PROVIDED INFORMATION
= Beginning of Section =

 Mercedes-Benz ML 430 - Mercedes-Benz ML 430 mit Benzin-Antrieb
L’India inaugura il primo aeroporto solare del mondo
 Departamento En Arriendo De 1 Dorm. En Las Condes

= End of Section =
= Beginning of Section =

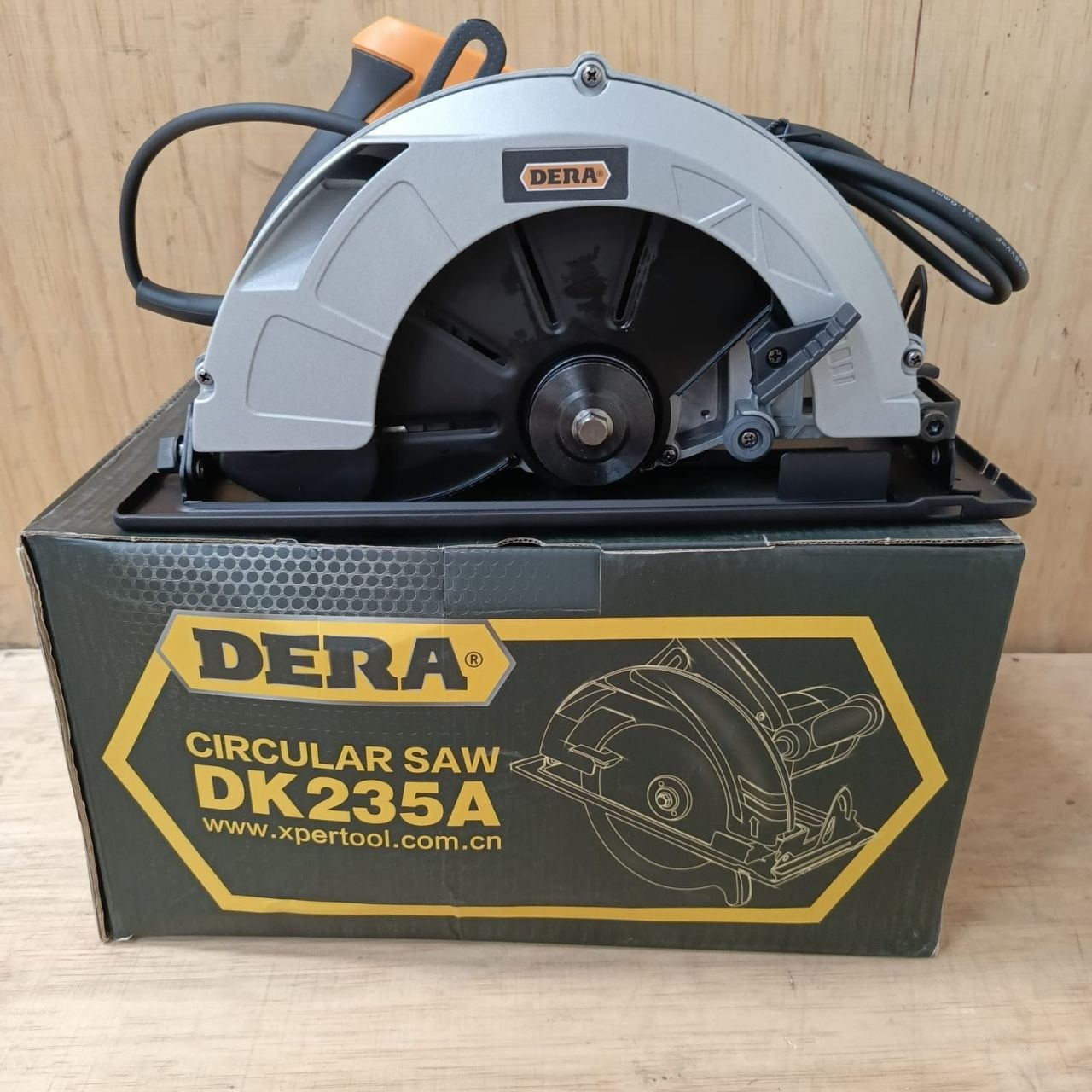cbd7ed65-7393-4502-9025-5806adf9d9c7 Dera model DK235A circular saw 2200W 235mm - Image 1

= End of Section =
= Beginning of Section =

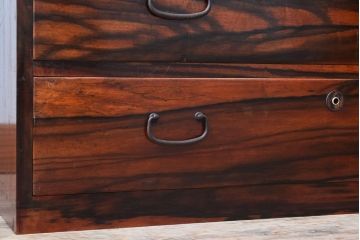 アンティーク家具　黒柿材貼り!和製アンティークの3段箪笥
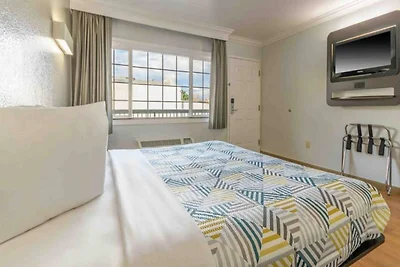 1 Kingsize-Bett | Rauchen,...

= End of Section =

INSTRUCTIONS TO FOLLOW
Working from the data above, extract solely the lines from the one containing "Mercedes-Benz ML 430 - Mercedes-Benz" through the one containing "Departamento En Arriendo", exactly as they appear, both included.

SOLUTION
 Mercedes-Benz ML 430 - Mercedes-Benz ML 430 mit Benzin-Antrieb
L’India inaugura il primo aeroporto solare del mondo
 Departamento En Arriendo De 1 Dorm. En Las Condes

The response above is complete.